Arxan’s 2016 State of Application Security report showed that 98% of apps tested lacked binary code protection and could be reverse engineered or modified, and 50% of organizations have zero budget allocated to protecting mobile apps.
And a survey by the Ponemon Institute announced last week found that many companies are failing to focus on security in app development.
Can you tell?
What can people do to check for audio beacon technology on their phones?
“To answer your question, from an end user perspective, there’s frankly very little that they could do,” said Stephen McCarney, VP of Marketing at Arxan.
“Many folks mistakenly believe that they would be able to know if something were ‘off,’ etc.,” he said. “There is really little a typical end user could do to check, since the app would likely function and operate as intended.”
A review of apps using your microphone may give you some information. The FTC said the apps they are concerned about showed no real reason to access your microphone.
A security review for apps would help, said McCarney. Then people could check the “risk” of an app before they download it.
“Why not a security rating?” he asked. “After all, it would follow a similar premise as a supermarket, where food nutrition labels are provided so end users could know what they will be consuming before they purchase. More transparency would be helpful, but for end users to check themselves would not be effective.”
Some who work in the area of privacy are concerned about what companies can do with this kind of audio beacon monitoring.

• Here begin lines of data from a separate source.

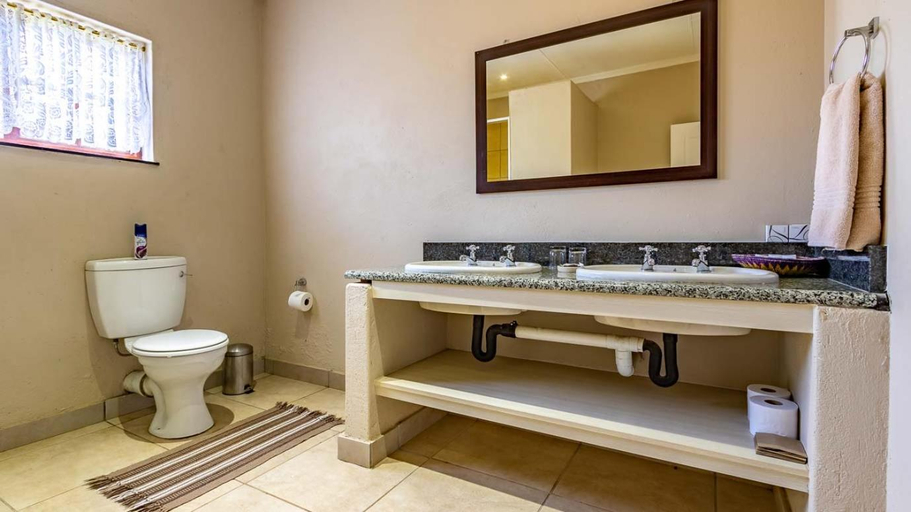 Bathroom 4, Misty Mountain, Ehlanzeni
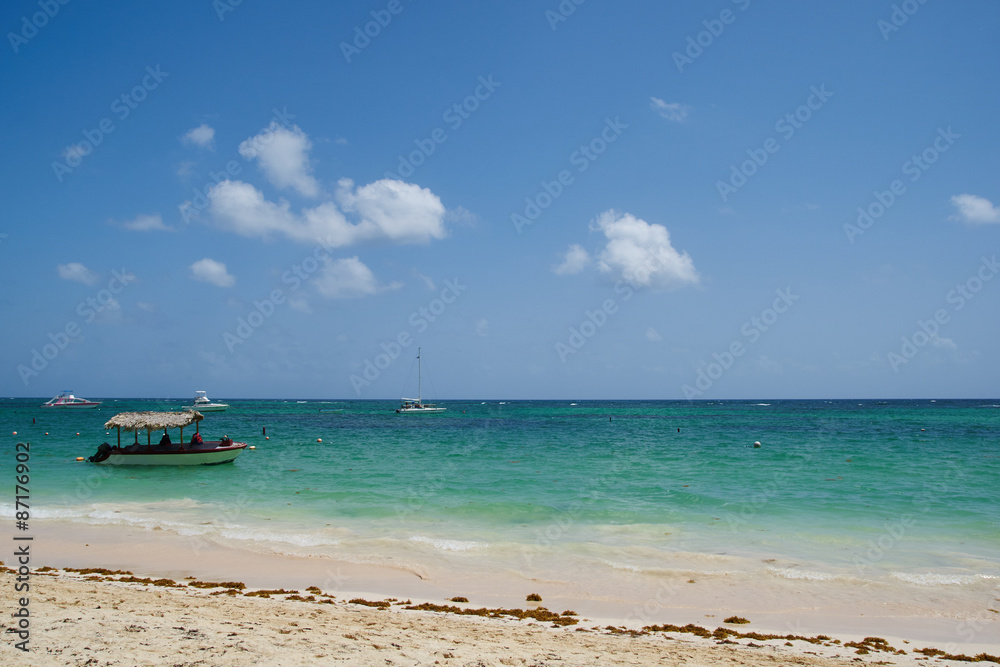 Boote am Karibikstrand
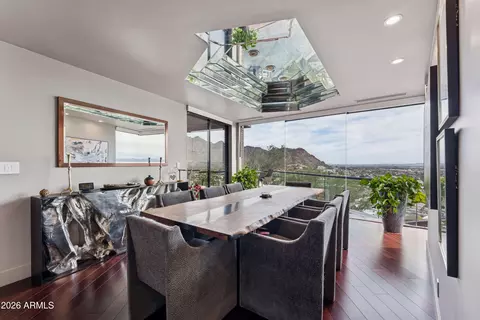 Dining - 2106 E Kaler Dr, Phoenix, AZ 85016 photo 2 of 3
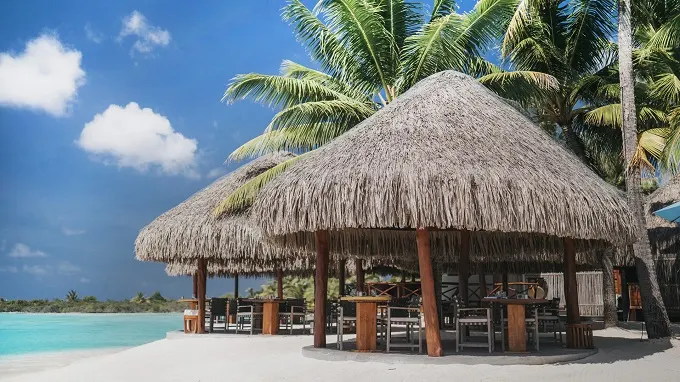 Four Seasons Resort Bora Bora Celebrates The Season With Summer Savings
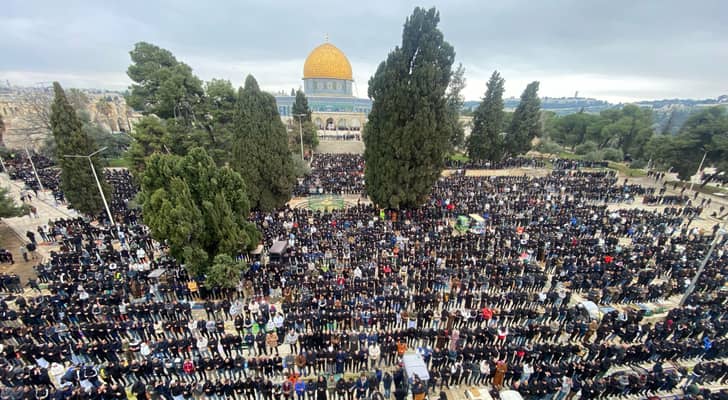 90 ألف مصل يؤدون صلاة الجمعة الأولى من رمضان في المسجد الأقصى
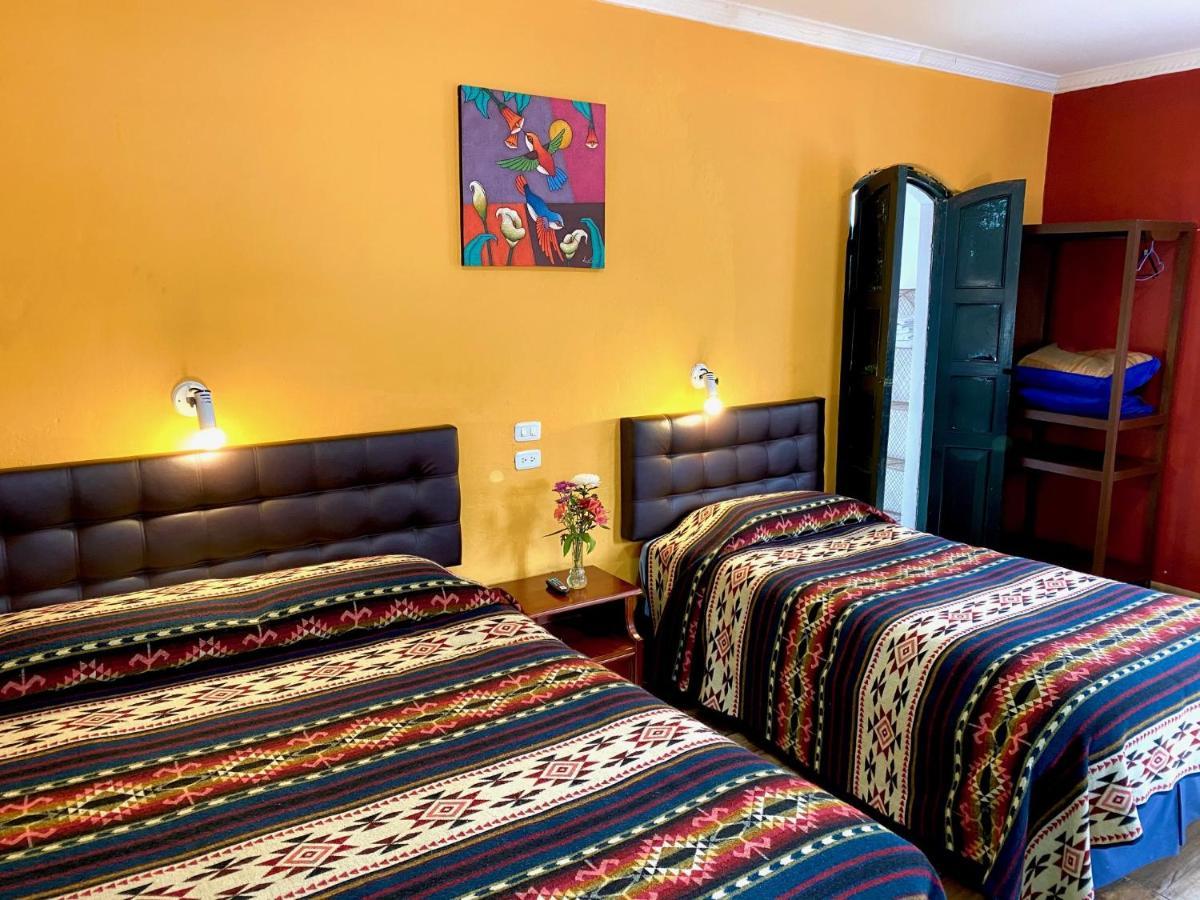 Hostal Riviera Sucre Otavalo Exterior photo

The Center for Democracy & Technology wrote a letter to the FTC last fall asking for the the agency to look into SilverPush technology and the concept of cross-tracking—using the monitoring of all of your different devices to put together a picture of you.
The letter gave an example of a company tying your devices together with audio beacons, then watching as you do a computer search for symptoms of a sexually transmitted disease on your computer, look up directions to a Planned Parenthood on your phone, visit a pharmacy and return home.
“While previously the various components of this journey would be scattered among several services, cross-device tracking allows companies to infer that the user received treatment for an STD,” the letter said.
“The combination of information across devices not only creates serious privacy concerns, but also allows for companies to make incorrect and possibly harmful assumptions about individuals,” it continued.
“Yes, it can be creepy,” said McCarney.
“The privacy laws and regulatory requirements, etc., simply aren’t able to keep pace, which is allowing companies to forge quickly ahead with features and capabilities that for all intents and purposes might have legitimate purposes for the good,” he said.
But it is important to understand how these things could have unintended consequences, added McCarney.
“And, at what point do end users need to be made aware of such risks and possibilities. And where is that line drawn,” he said.
“For now, this is part of the conundrum and confusion—and malicious/devious actors know this and tend tgo after easy, vulnerable soft targets,” said McCarney.